エースは高級娼婦のジンジャーに一目惚れし、プロポーズするが、彼女は昔馴染みのポン引きなどの小悪党であるレスターに惚れていた。だがエースは、結婚生活を送れば次第に愛が育まれると信じ、またエースの金を狙うレスターも、ジンジャーにエースとの結婚を勧める。二人は結婚し、娘も誕生したが、ジンジャーが本当に好きなのはお金であり、レスターへの愛も無くならなかった。
一方、シカゴのボスらは再びニッキーをエースのボディーガード兼集金係としてラスベガスへ派遣する。ニッキーの悪漢ぶりを知るエースは、彼の存在を危惧していたが、その予想通りニッキーは暴走を始め、ベガスのノミ屋でみかじめ料を要求したり、さらにはタンジール内でも仲間らとイカサマを働き横暴に振る舞うようになる。エースはこのままだと警察に目をつけられると警告するが、ニッキーは無視し、結果、警察のブラックリストに載ってカジノへの出入りも一切禁止される。だが、ニッキーは今度は故郷から弟や仲間を呼び寄せると強盗を働くようになり、カジノにいた時に構築した情報網で上手く荒稼ぎすると、その金で表向きはレストランを経営し始める。
ジンジャーはレスターに大金を渡すためにエースに金をせびるが、それによってレスターと関係が切れていなかったことがバレてしまう。エースは見せしめにレスターを痛めつけるが、逆にジンジャーはショックを受けて酒浸りになってしまう。また、カジノの経営でも徹底的な管理で成功を収める一方で、地元有力者のコネで雇っていた無能な従業員を解雇したことで恨みを買ってしまう。さらにニッキー一味の犯罪によってタンジールに対する監視の目もキツくなり、ボス達への上納金も減り始めていた。そこでボスらは、アンダーボスのピスカーノをカジノへ送り込み様子を探らせる。
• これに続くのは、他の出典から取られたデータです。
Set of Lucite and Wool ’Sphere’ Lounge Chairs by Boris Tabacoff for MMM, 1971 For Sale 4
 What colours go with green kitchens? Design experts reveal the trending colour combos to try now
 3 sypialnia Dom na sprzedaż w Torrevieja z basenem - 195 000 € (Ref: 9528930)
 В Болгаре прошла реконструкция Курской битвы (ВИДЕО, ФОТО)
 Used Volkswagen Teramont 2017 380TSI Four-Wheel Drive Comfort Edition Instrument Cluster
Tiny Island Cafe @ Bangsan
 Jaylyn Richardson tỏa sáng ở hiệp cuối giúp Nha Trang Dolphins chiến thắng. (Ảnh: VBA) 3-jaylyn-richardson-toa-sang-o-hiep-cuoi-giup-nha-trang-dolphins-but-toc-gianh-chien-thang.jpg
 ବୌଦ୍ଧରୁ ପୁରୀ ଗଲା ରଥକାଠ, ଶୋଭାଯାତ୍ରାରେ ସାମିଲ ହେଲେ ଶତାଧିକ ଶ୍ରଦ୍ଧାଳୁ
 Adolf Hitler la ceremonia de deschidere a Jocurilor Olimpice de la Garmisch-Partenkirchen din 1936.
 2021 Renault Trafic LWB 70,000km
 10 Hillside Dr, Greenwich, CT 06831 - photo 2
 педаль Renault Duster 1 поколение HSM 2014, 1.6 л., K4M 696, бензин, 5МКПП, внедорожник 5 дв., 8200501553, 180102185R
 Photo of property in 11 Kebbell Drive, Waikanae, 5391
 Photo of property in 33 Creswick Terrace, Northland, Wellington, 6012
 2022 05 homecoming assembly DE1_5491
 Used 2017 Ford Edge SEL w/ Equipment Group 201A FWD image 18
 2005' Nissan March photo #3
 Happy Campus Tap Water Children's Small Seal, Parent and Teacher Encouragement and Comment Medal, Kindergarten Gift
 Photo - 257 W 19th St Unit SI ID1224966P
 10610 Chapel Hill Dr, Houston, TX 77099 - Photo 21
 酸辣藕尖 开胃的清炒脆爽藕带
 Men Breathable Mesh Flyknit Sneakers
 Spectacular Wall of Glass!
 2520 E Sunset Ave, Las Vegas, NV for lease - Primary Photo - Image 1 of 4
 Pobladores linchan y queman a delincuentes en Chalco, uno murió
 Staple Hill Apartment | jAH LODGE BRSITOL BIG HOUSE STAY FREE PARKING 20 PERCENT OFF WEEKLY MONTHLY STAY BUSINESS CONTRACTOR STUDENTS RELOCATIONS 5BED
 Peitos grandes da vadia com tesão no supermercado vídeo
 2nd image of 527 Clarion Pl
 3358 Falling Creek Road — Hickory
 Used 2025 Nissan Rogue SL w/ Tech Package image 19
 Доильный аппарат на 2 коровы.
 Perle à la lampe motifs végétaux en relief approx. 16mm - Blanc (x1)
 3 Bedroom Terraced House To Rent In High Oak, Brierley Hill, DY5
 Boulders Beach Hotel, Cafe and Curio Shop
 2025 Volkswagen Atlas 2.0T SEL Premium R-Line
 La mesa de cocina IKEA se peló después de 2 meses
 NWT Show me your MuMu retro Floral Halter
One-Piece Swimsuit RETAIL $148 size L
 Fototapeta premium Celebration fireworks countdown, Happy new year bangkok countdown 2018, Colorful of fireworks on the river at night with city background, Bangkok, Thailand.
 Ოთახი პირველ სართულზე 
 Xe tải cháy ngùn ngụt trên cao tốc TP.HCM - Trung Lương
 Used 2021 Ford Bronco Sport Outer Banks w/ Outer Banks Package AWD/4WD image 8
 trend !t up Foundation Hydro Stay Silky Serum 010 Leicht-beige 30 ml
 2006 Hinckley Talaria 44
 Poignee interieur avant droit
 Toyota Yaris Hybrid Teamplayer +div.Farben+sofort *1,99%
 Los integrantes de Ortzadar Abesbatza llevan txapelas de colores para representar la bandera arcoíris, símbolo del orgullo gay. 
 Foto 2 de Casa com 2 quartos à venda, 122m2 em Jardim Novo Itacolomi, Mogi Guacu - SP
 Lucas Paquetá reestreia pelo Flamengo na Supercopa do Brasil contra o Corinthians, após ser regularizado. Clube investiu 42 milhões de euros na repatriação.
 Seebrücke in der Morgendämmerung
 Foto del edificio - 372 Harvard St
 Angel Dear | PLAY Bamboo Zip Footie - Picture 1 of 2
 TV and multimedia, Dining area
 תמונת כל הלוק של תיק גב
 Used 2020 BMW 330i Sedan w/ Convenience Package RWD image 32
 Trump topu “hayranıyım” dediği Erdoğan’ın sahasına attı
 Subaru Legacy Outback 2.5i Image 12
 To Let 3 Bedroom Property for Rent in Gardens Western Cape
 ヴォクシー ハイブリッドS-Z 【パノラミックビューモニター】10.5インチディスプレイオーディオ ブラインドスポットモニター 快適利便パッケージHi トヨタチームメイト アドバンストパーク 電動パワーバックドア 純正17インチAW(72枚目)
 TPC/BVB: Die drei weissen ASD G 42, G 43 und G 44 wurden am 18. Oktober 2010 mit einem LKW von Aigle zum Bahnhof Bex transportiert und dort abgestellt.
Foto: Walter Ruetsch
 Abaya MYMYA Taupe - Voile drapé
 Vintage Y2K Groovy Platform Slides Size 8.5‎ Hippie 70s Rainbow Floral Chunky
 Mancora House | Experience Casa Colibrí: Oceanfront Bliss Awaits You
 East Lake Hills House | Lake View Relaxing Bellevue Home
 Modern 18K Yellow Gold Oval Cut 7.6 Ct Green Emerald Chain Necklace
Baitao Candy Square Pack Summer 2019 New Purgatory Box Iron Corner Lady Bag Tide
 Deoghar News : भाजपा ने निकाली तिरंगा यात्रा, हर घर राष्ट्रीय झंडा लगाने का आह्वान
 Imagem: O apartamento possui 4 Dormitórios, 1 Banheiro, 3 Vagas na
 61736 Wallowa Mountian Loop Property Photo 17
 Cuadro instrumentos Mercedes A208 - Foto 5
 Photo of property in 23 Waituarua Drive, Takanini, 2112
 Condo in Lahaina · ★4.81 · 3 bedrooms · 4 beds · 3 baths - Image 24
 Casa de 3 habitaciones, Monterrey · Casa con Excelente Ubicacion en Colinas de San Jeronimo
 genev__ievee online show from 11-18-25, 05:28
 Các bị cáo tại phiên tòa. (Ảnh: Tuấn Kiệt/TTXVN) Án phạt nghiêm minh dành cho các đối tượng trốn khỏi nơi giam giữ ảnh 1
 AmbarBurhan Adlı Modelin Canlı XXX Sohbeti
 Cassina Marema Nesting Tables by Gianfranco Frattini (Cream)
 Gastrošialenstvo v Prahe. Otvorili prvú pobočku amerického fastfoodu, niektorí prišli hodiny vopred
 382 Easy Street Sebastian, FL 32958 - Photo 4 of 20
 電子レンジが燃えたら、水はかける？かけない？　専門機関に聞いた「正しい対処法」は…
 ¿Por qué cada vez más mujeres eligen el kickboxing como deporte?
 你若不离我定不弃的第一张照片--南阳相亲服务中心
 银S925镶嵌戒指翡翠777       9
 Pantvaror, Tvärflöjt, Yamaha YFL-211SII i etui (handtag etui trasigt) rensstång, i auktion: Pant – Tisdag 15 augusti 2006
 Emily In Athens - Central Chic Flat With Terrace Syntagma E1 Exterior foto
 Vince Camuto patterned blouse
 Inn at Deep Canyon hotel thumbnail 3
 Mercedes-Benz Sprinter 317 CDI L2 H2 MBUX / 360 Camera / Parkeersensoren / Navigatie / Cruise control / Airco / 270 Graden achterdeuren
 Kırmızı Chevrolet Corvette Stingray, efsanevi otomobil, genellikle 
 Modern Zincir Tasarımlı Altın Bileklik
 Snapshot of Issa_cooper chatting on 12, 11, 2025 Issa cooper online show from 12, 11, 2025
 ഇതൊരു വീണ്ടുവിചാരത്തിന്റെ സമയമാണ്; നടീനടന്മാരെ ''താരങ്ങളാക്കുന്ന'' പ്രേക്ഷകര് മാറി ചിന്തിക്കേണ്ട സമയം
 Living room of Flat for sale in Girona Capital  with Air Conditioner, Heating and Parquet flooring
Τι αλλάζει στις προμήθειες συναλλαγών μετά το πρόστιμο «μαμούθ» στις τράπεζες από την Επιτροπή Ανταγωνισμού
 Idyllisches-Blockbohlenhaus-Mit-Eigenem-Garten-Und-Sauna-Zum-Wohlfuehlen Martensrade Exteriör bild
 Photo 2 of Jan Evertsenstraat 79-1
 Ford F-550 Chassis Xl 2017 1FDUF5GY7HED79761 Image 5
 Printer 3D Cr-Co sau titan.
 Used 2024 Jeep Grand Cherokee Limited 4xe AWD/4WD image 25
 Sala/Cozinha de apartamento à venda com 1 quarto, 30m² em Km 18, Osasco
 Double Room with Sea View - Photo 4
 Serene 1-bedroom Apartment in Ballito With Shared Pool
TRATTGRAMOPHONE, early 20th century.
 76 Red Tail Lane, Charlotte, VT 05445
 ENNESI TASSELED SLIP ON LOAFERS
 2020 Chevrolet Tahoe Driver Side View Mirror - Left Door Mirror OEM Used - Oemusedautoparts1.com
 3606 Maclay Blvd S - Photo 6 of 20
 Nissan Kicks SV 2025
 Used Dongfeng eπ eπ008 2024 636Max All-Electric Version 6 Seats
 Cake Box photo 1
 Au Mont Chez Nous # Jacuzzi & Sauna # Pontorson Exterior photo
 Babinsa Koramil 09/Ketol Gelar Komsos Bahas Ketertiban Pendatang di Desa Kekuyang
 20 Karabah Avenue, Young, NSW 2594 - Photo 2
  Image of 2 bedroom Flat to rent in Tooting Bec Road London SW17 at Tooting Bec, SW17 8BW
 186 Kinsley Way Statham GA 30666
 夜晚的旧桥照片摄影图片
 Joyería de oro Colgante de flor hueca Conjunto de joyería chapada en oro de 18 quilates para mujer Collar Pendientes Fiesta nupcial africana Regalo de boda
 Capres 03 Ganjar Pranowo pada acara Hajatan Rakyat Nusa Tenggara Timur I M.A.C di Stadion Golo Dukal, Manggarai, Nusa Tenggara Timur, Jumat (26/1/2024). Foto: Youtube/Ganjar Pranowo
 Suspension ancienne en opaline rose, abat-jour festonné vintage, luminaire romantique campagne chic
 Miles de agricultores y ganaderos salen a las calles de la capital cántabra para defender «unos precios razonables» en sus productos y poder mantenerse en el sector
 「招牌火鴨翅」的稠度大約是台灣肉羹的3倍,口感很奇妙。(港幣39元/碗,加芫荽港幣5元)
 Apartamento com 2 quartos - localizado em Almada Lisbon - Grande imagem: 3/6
表向きタンジールの社長であったフィリップ・グリーンが、女性と揉め事を起こして金のことで訴えられ、法廷でカジノの帳簿の提出を迫られる事態が発生する。マフィアへの横流しが発覚してしまうためにニッキーは原告の女性を殺害し、それによってエースまでもFBIの監視対象となってしまう。エースはカジノ運営のための免許を獲得するため奔走し始めるが、一方でニッキーはカジノの運営の邪魔者を次々と殺害しはじめ、よりカジノ運営が厳しくなっていく。さすがのボスたちもニッキーを注意するが、彼は無視する。結局、エースの免許申請は、ニッキーの犯罪と、義弟を解雇された役人の妨害で、不当に拒否される。怒ったエースは、カジノで接待を受けていた政治家たちを罵り、さらに一線を超えて自らテレビ番組を製作して、政治家や役人の不正の糾弾まではじめた。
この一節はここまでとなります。